## [Exercise directions]
Among the entries below, please repeat exactly and only the lines from the line containing "HOODIE BEAR" to the line containing "Socrates Quote Wisdom", both lines included.

## [Extracted data]
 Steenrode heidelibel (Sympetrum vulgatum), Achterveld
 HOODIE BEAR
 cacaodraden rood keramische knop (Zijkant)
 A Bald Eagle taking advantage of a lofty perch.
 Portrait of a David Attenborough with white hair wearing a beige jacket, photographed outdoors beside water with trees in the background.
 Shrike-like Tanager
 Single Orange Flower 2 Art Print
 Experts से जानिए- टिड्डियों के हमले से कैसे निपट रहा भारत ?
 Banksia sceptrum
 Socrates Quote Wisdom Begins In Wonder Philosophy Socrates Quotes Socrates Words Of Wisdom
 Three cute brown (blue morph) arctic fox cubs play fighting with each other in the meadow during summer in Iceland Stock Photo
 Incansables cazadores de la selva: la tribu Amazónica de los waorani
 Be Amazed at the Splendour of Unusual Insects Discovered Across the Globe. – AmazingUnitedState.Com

--

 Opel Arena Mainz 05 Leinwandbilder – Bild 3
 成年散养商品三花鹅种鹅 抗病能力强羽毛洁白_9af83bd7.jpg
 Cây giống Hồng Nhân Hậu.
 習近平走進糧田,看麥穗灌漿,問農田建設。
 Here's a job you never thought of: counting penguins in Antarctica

## [Written answer]
 HOODIE BEAR
 cacaodraden rood keramische knop (Zijkant)
 A Bald Eagle taking advantage of a lofty perch.
 Portrait of a David Attenborough with white hair wearing a beige jacket, photographed outdoors beside water with trees in the background.
 Shrike-like Tanager
 Single Orange Flower 2 Art Print
 Experts से जानिए- टिड्डियों के हमले से कैसे निपट रहा भारत ?
 Banksia sceptrum
 Socrates Quote Wisdom Begins In Wonder Philosophy Socrates Quotes Socrates Words Of Wisdom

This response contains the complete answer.